Getting started with your pipeline locally

0. Prerequisites

dlt requires Python 3.8 or higher. Additionally, you need to have the pip package manager installed, and we recommend using a virtual environment to manage your dependencies. You can learn more about preparing your computer for dlt in our installation reference.

1. Install dlt

First you need to install the dlt library with the correct extras for AWS S3:

pip install "dlt[filesystem]"

The dlt cli has a useful command to get you started with any combination of source and destination. For this example, we want to load data from Slack to AWS S3. You can run the following commands to create a starting point for loading data from Slack to AWS S3:

# create a new directory
mkdir my-slack-pipeline
cd my-slack-pipeline
# initialize a new pipeline with your source and destination
dlt init slack filesystem
# install the required dependencies
pip install -r requirements.txt

The last command will install the required dependencies for your pipeline. The dependencies are listed in the requirements.txt:

dlt[filesystem]>=0.3.12

You now have the following folder structure in your project:

my-slack-pipeline/
├── .dlt/
│ ├── config.toml # configs for your pipeline
│ └── secrets.toml # secrets for your pipeline
├── slack/ # folder with source specific files
│ └── ...
├── slack_pipeline.py # your main pipeline script
├── requirements.txt # dependencies for your pipeline
└── .gitignore # ignore files for git (not required)

2. Configuring your source and destination credentials

The dlt cli will have created a .dlt directory in your project folder. This directory contains a config.toml file and a secrets.toml file that you can use to configure your pipeline:

config.toml

# put your configuration values here

[runtime]
log_level="WARNING" # the system log level of dlt
# use the dlthub_telemetry setting to enable/disable anonymous usage data reporting, see https://dlthub.com/docs/telemetry
dlthub_telemetry = true

secrets.toml

# put your secret values and credentials here. do not share this file and do not push it to github

[sources.slack]
access_token = "access_token" # please set me up!

[destination.filesystem]
bucket_url = "bucket_url" # please set me up!

[destination.filesystem.credentials]
aws_access_key_id = "aws_access_key_id" # please set me up!
aws_secret_access_key = "aws_secret_access_key" # please set me up!
Further help setting up your source and destinations

Please consult the detailed setup instructions for the AWS S3 destination in the dlt destinations documentation.

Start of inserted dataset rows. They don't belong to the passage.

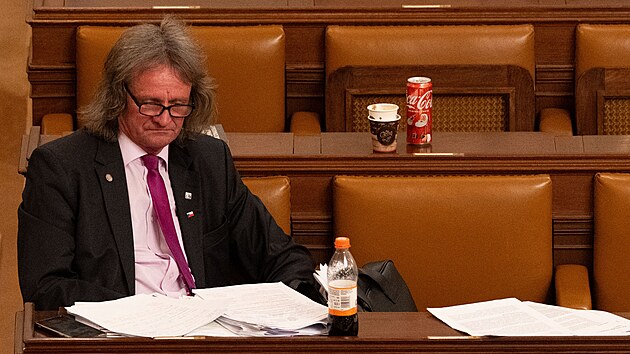 Schůze Poslaneck&eacute; sněmovny. Na sn&iacute;mku poslanec Miroslav &Scaron;evč&iacute;k (SPD). (11. &uacute;nora 2026)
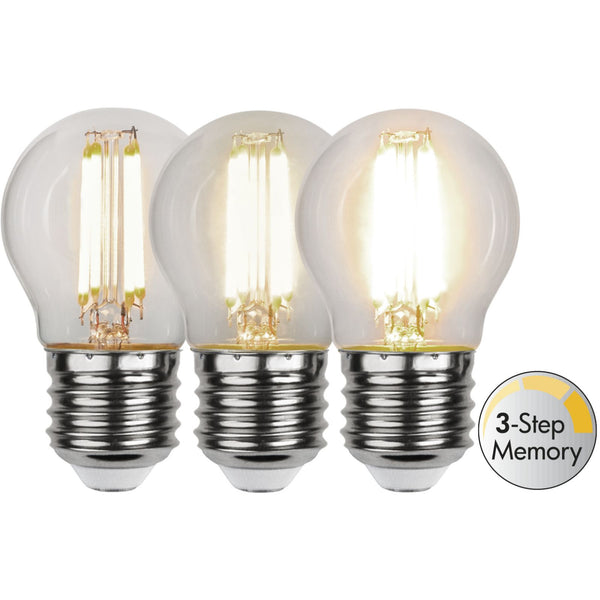 Star Trading - Lámpara LED E27 G45 Clear Memoria de 3 pasos - 4.2w - 3000K - 3-Step-Dim (Memoria)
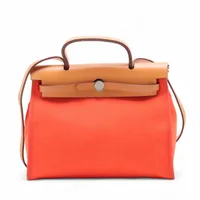 エルメス エールバッグジップPM トワルオフィシエ オレンジ シルバー金具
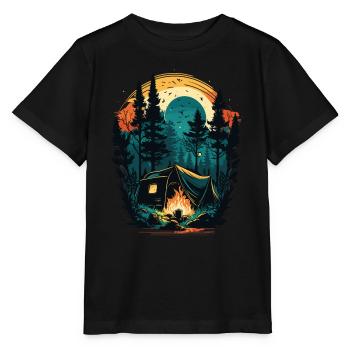 Camping - Survival Zuhause Ist Wo Mein Tarp Steht - Stanley/Stella Kinder T-Shirt MINI CREATOR  - Schwarz - Vorne - Mikhail (115cm)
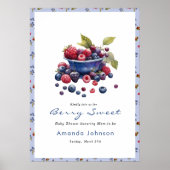 Waterverf Berry Sweet Blueberries Baby shower Poster (Voorkant)
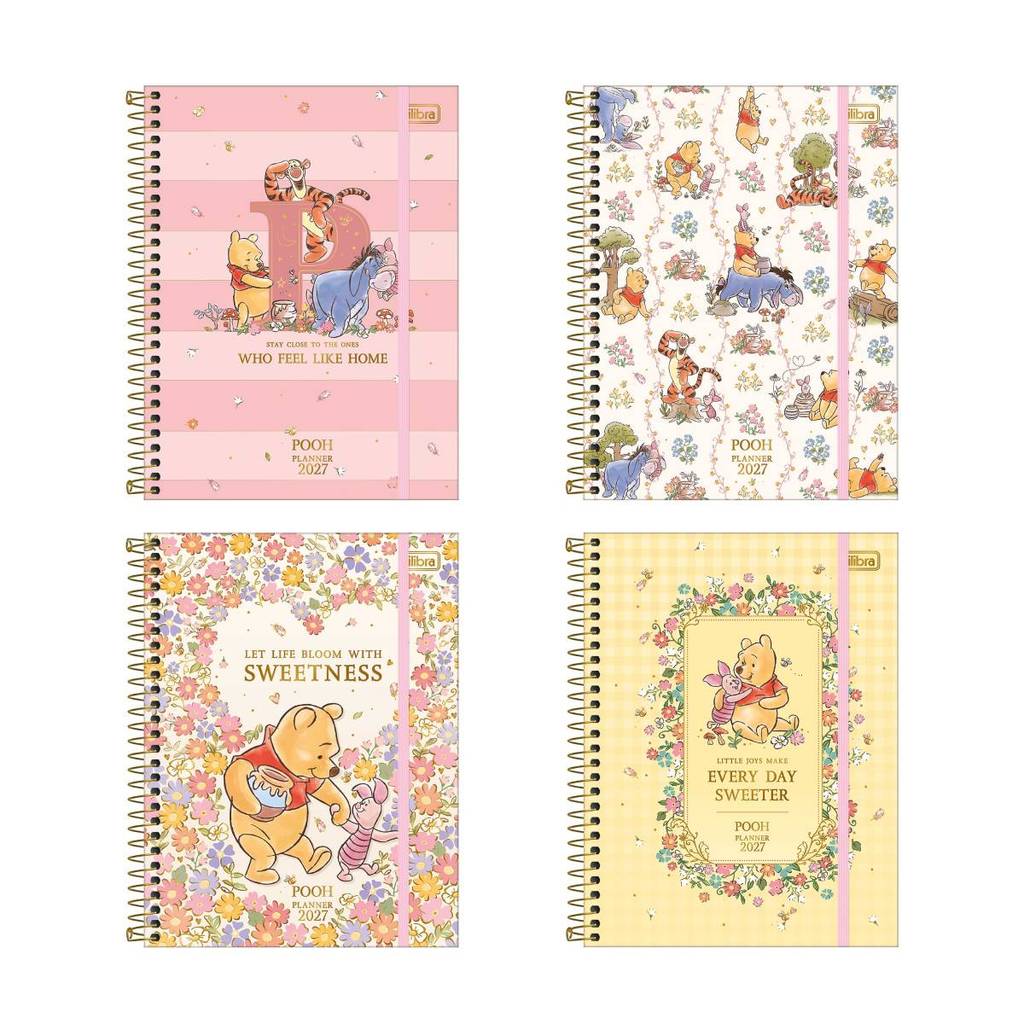 Agenda planner espiral semanal Pooh 2027 Tilibra
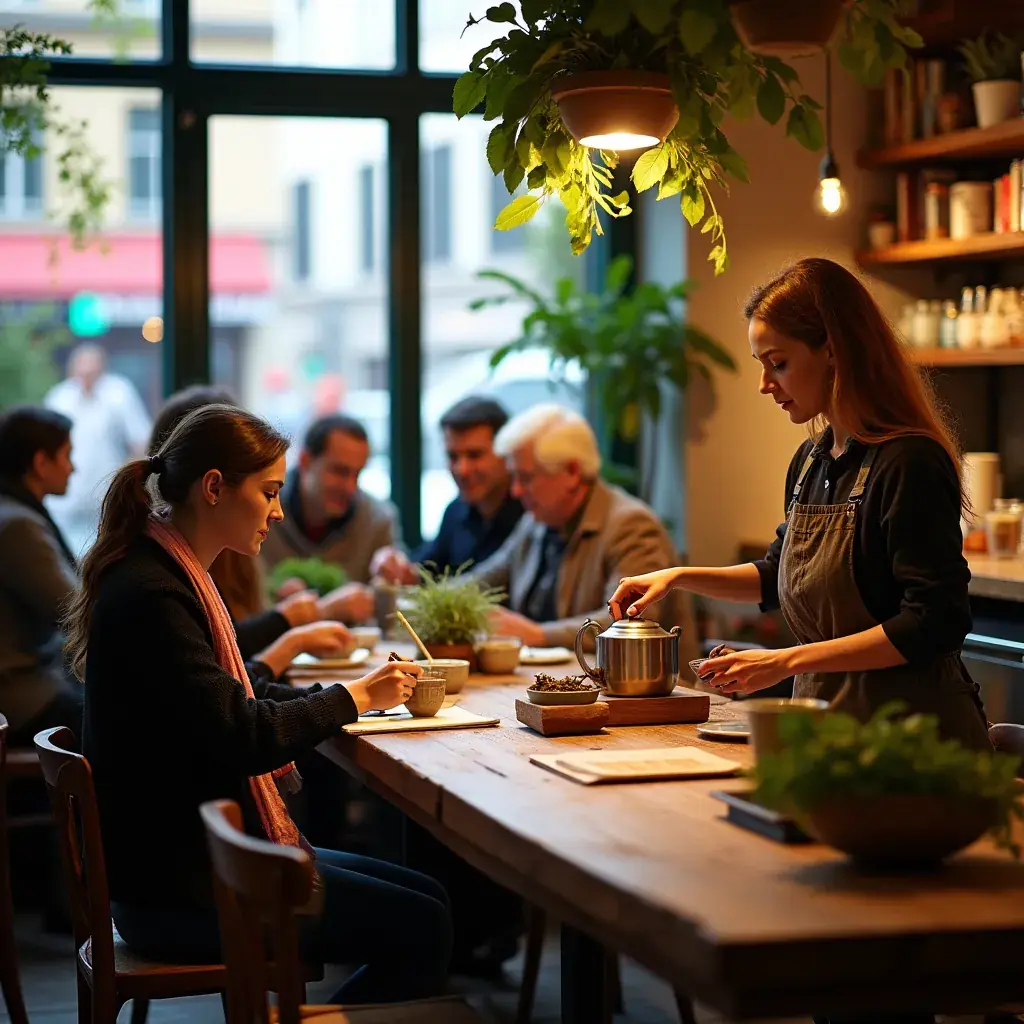 Friss menta és citromfű levelek, amelyek a tea ízét gazdagítják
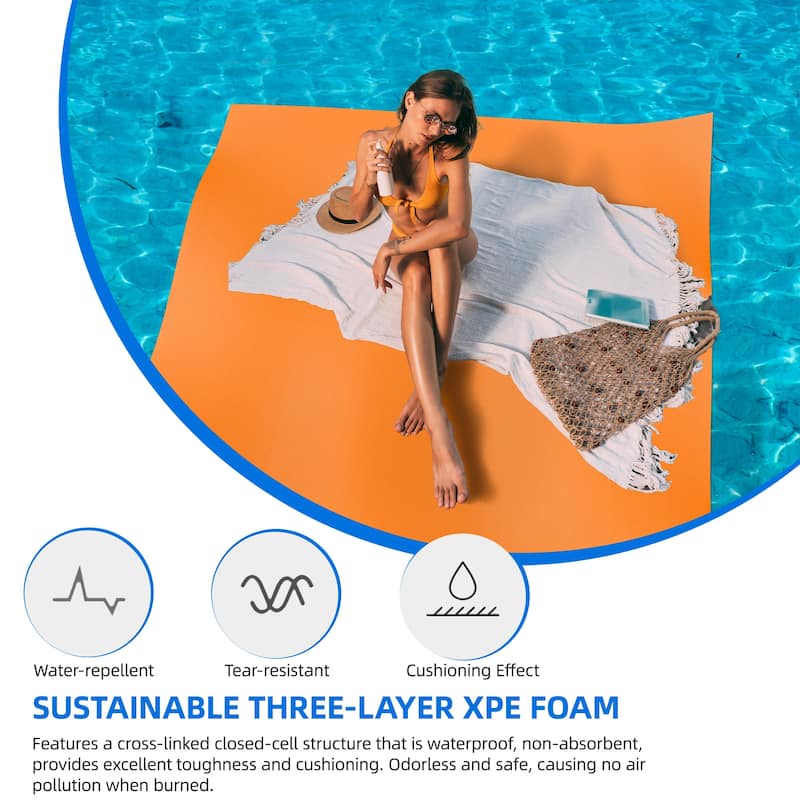 Moasis 12' X 6' Lily Pad Floating Mat Water Mat Inflatable Rafts Lily Pad Pools Beach XPE Floating Island - 12' X 6'
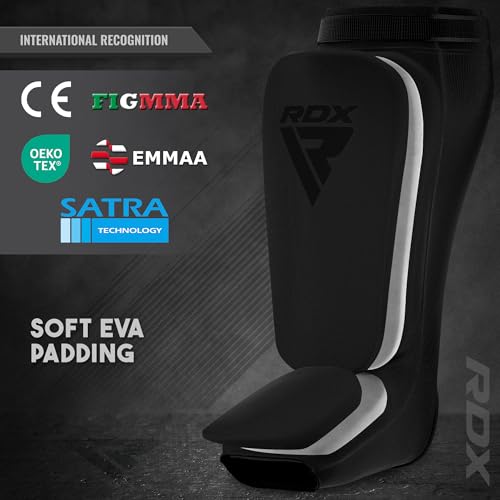RDX Shin Guards Kickboxing Muay Thai, SATRA Approved, MMA Leg Instep Protection Pads, Sparring Training Martial Arts Boxing, Elasticated Padded Protector, Karate BJJ Taekwondo Gear, Men Women - color: Full Black, size: Small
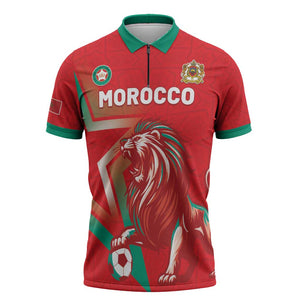 Custom Morocco WC Football 2026 Zipper Polo Shirt Go Champions Lion Spirit - African Pride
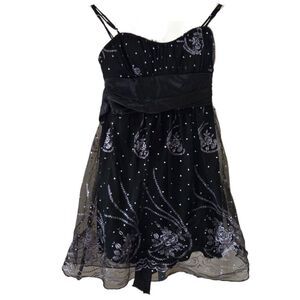 Charlotte Russe Black Silver Floral Mesh Evening Party Mini Dress Juniors Small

Likewise you can find the setup instructions for Slack source in the dlt verifed sources documentation.

3. Running your pipeline for the first time

The dlt cli has also created a main pipeline script for you at slack_pipeline.py, as well as a folder slack that contains additional python files for your source. These files are your local copies which you can modify to fit your needs. In some cases you may find that you only need to do small changes to your pipelines or add some configurations, in other cases these files can serve as a working starting point for your code, but will need to be adjusted to do what you need them to do.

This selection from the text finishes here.